|A scene from “Miss Granny.” (CJ Entertainment)|
Filmmaker Hwang Dong-hyuk’s latest protagonist Oh Mal-soon (played by veteran actress Na Moon-hee) is the kind of old woman whom you don’t want to have as your mother-in-law.
She is shameless and controlling, complains about your food, and is not afraid to belittle you in front of your children. Mal-soon’s biggest pride is her son, who is a university professor, and that she managed to raise him by herself, against all odds.
The real story of the film, “Miss Granny,” begins with Mal-soon suddenly recovering her physical appearance of her 20s. Mal-soon renames herself Oh Du-ri (played impeccably by young actress Shim Eun-kyeong) after her all-time favorite actress Audrey Hepburn, and pursues a career in music ― something she had to give up when she was young. Although the fantasy comedy starts off with layered characters with real family and aging problems, Hwang only manages to create another conventional Korean tale about a sacrificing mother and her unconditional love.
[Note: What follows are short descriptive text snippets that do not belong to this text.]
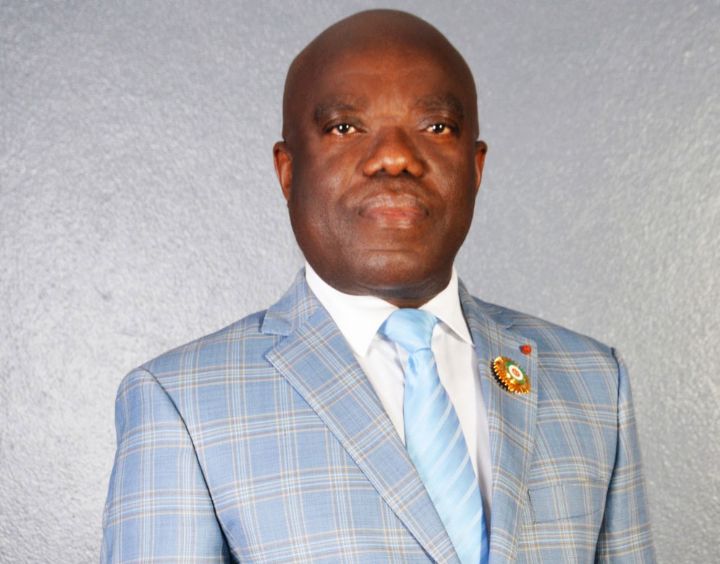 Politique : Denis Kah Zion répond à Anne Ouloto : « Comment Anne Ouloto peut-elle pousser son manque de sagesse à ce point de traiter nous ses frères de terroristes ? »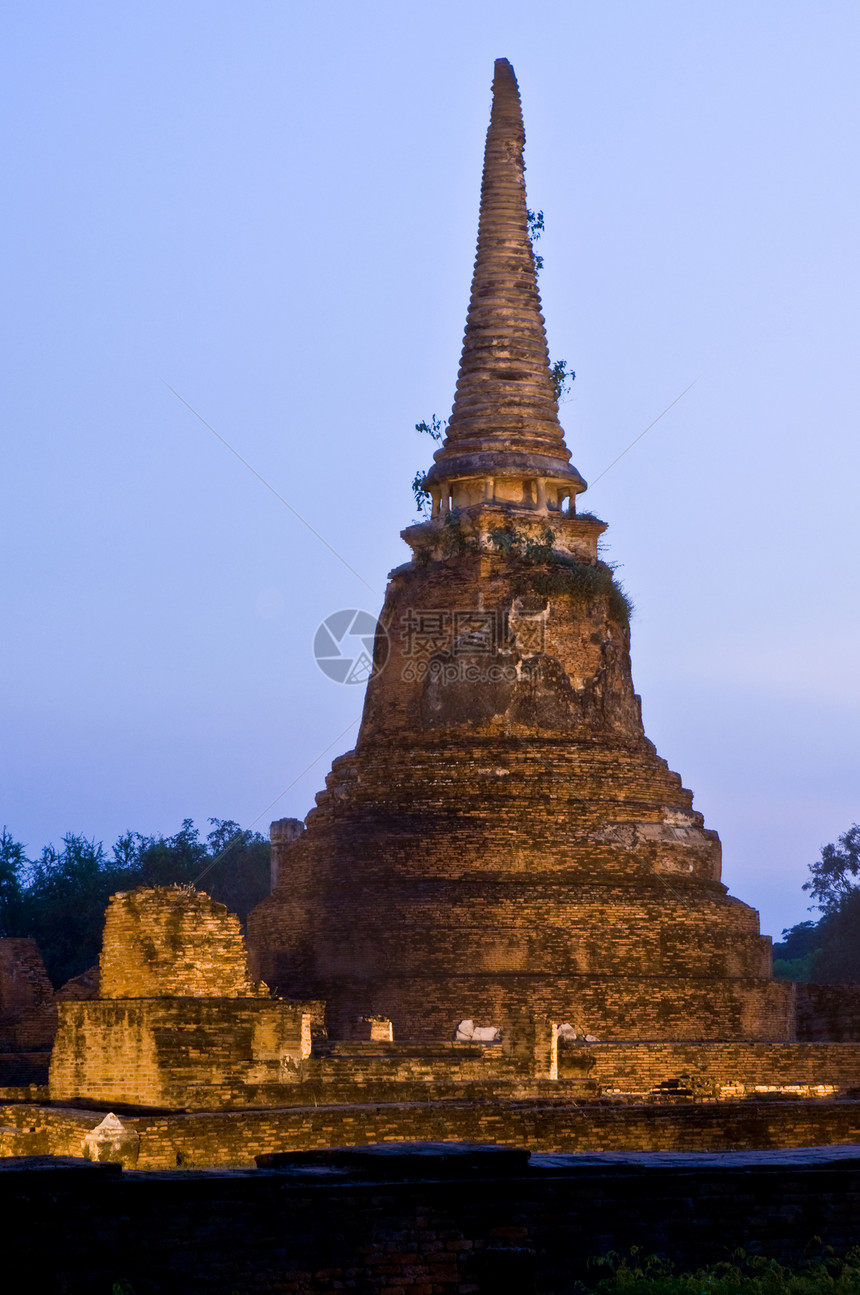 泰国Ayutthaya的Wat StupaCheti异国旅行文化金子建筑学恶魔连体奢华佛陀宗教图片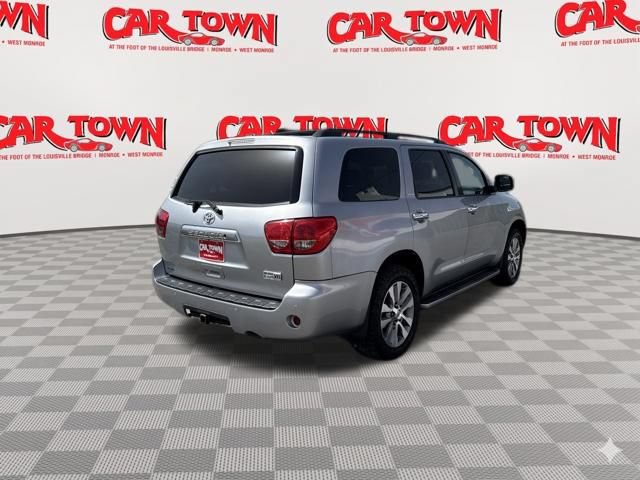 Used 2017 Toyota Sequoia Limited RWD image 3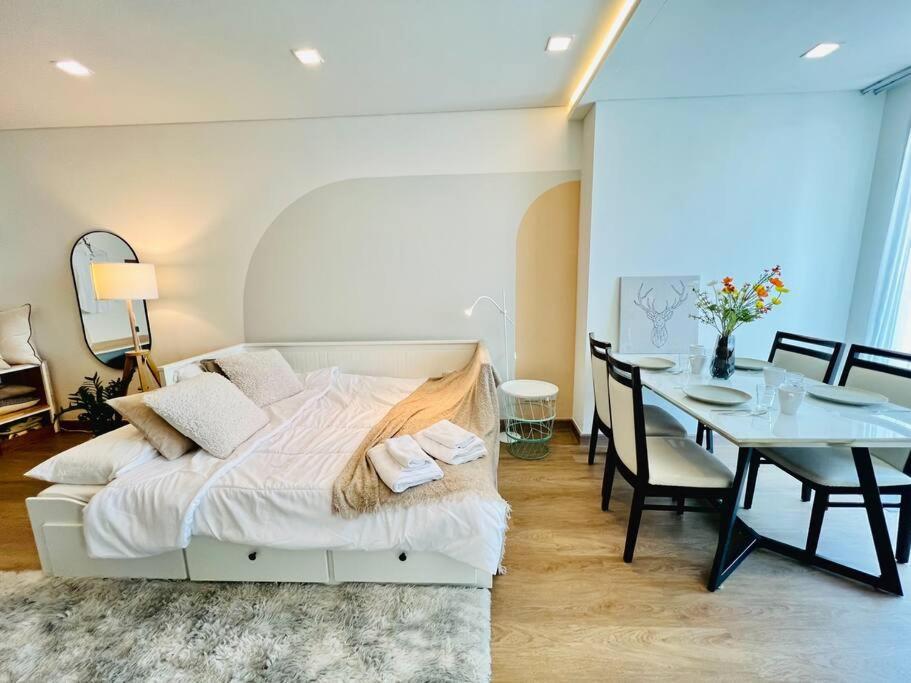 New Cozy 2bed 200m Bts Phrakhanong, 10min Thonglor Ekkamai Apartment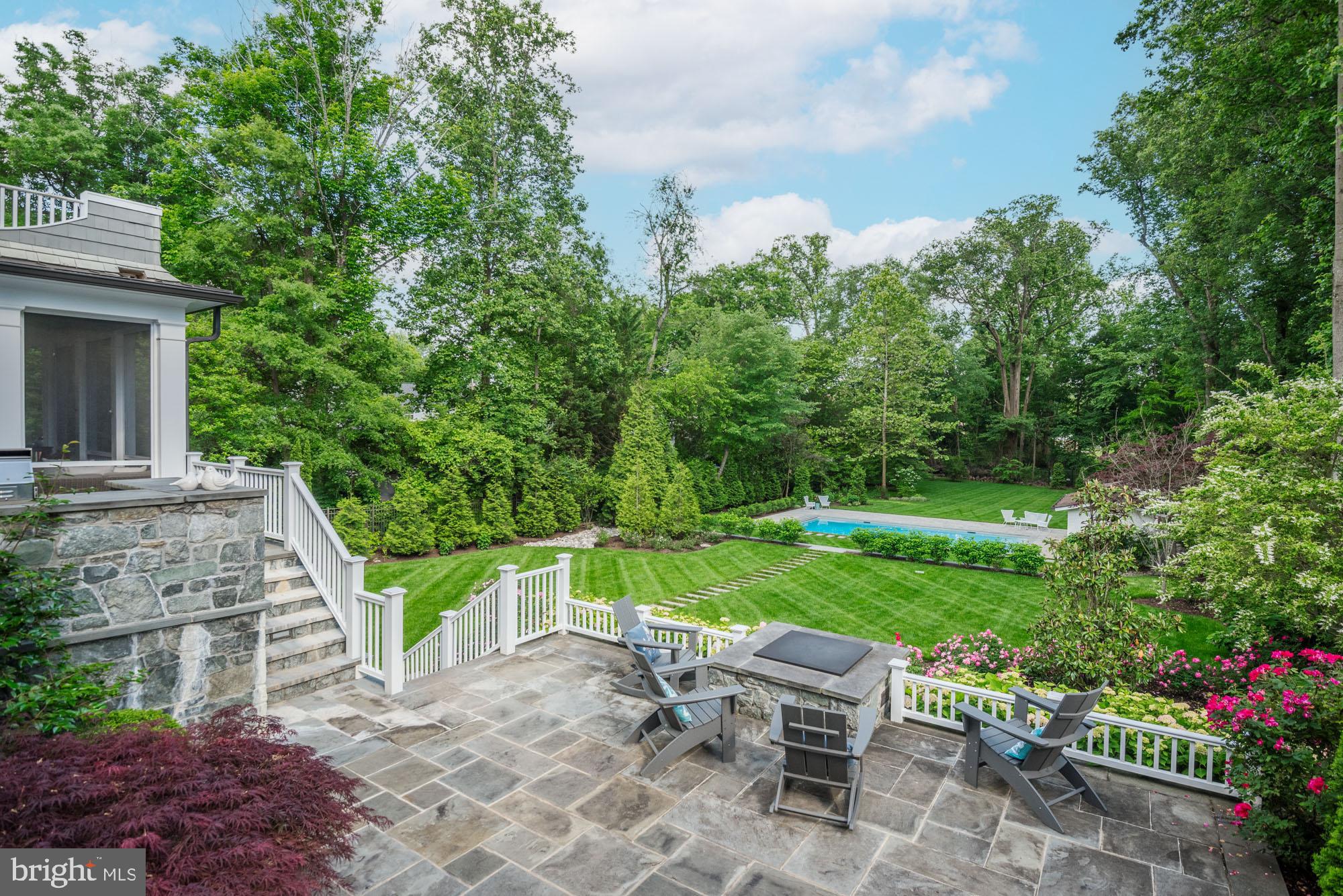 BRADLEY HILLS - Residential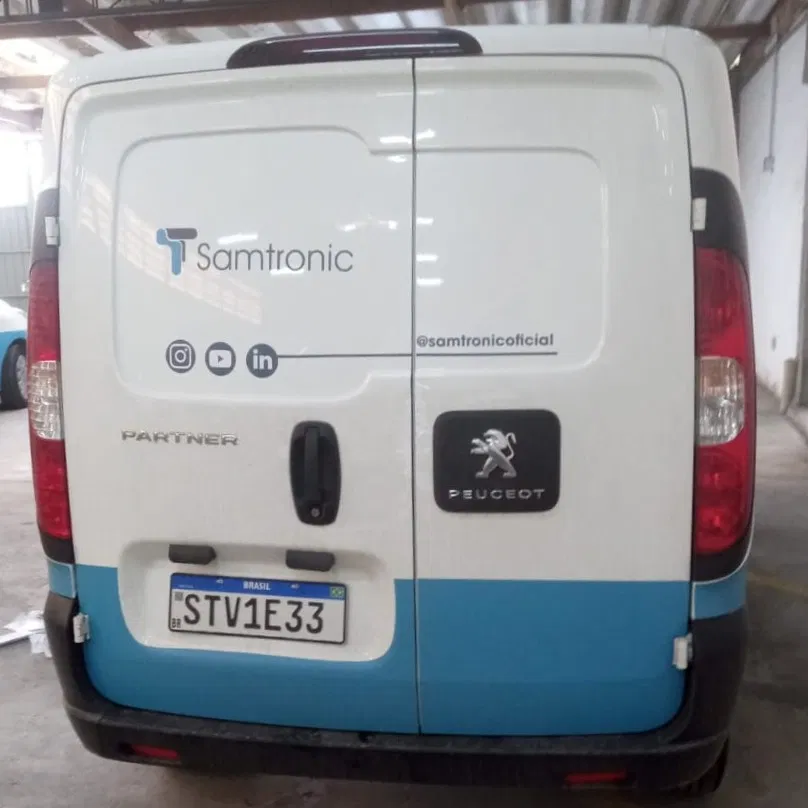 Envelopamento Adesivo Azul Adesivação Empresas Fiorino Utilitários Veículos Parcial Frotas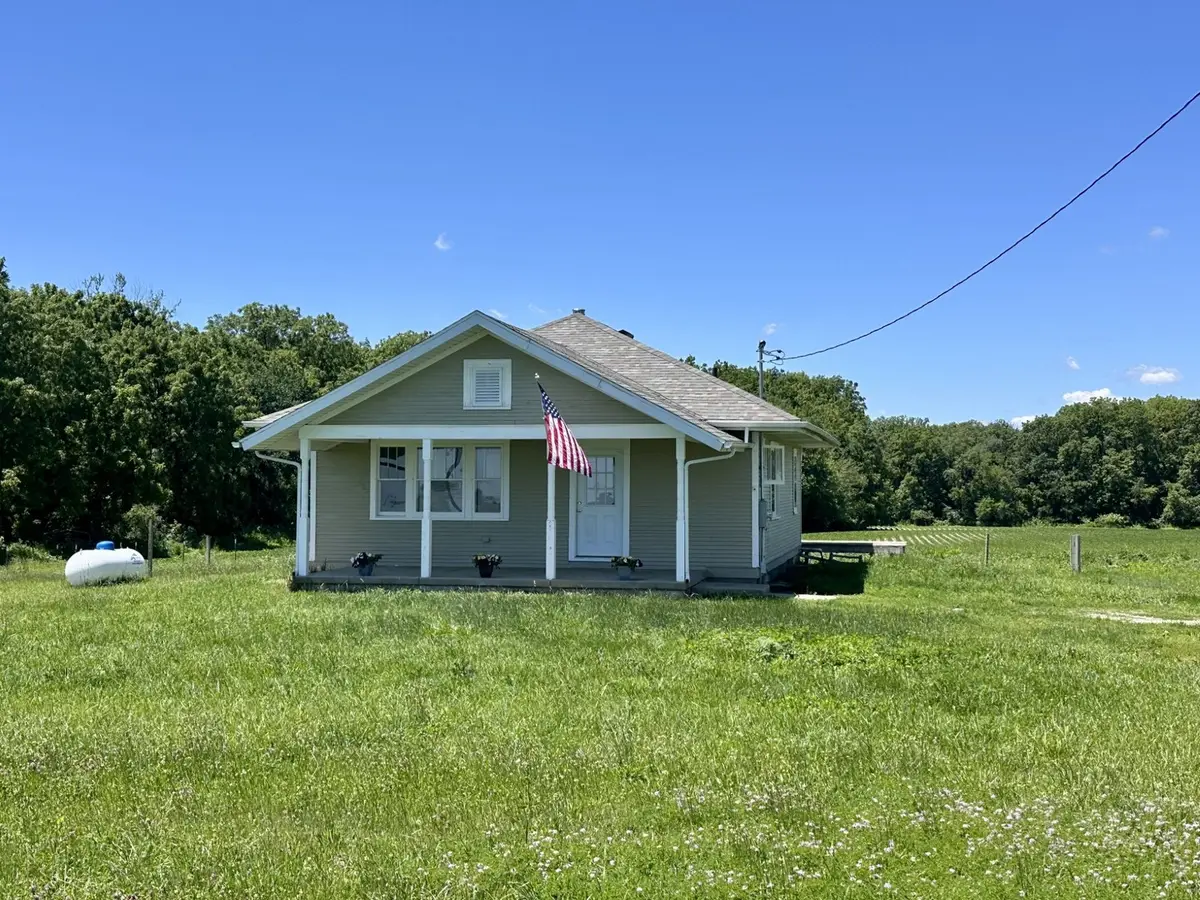 7637 1900 East Street, Tiskilwa, IL 61368 - #1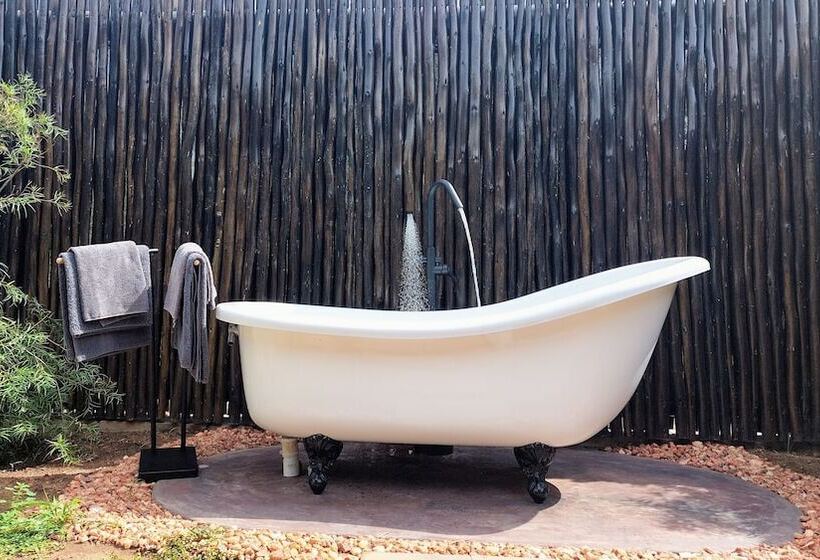 فندق The Baobab Bush Lodge, No Self Catering
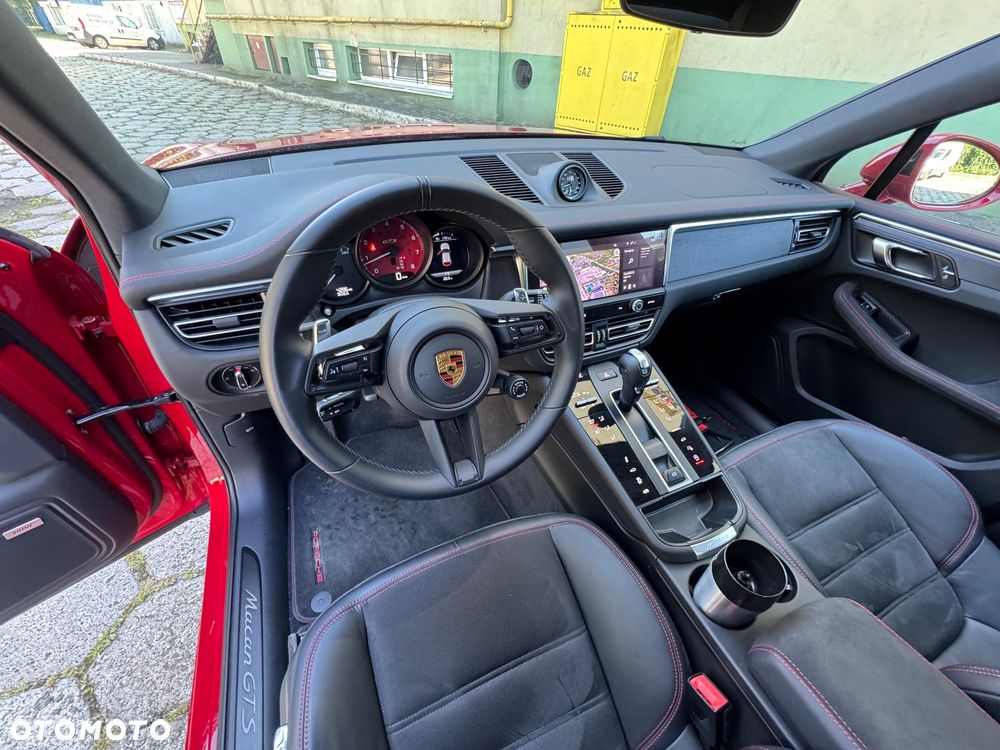 Porsche Macan GTS - 32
Though Mal-soon sacrificed her “everything” ― including her personal happiness and most importantly, her “youth” ― for her son and his success, the film fails to deal with her problems in the present day.
Mal-soon is in fact a highly flawed character. Her defect is revealed early in the film when she betrays those who helped her in her earlier years, with the sole purpose of better supporting her son. She is also the main reason her clearly depressed, puffy-eyed daughter-in-law’s health suddenly worsens.
Before she regains her youth at a mysterious photo studio, Mal-soon was scheduled to be sent to a nursing home, as doctors strongly advised that her daughter-in-law needs to live away from her. In this movie, the daughter-in-law’s sufferings are undoubtedly realistic; she is constantly controlled and railed at by her mother-in-law, who rationalizes everything she does, including her betrayal in the past, in the name of her love for her son.
Du-ri is a younger, and arguably a much more pleasant version of Mal-soon, who still speaks with a regional accent and walks like an old lady. For most people, Du-ri acts very strangely and motherly for her age ― this is the main entertainment of the film ― but they find it amusing at the same time. And Du-ri sings very well. She joins a band led by her struggling teenage grandson, who does not recognize her, of course, and the group becomes famous. The rest of the movie is dedicated to showing what Mal-soon could’ve done and enjoyed if she didn’t give up her dream in order to raise her child. Everything Du-ri is capable of doing ― her musical talent and her physical beauty ― is what Mal-soon gradually lost while bringing up her son.
This film was created based on an assumption that a woman’s most beautiful days are during their 20s, and praises Mal-soon’s youth ― which only exists in her past. And Mal-soon’s sacrifice of her youth ― and physical beauty ― for the sake of her child, is highlighted to elicit gratitude from the audience in the end. It’s the conventional Korean rhetoric: “Your mother did all these things for you.”
The problem is, such a notion of “gratitude” prevents director Hwang from solving Mal-soon’s initial conflicts with her daughter-in-law, as well as those she betrayed in the past. The question is, Can all mothers’ deeds, whether ethical or not, be rationalized if they did them for their children?
The movie had its chance to answer, but chose not to. The result is another feel-good family movie that again praises a mother’s love and sacrifice.
A CJ Entertainment release, “Miss Granny” opens in theaters on Jan. 22.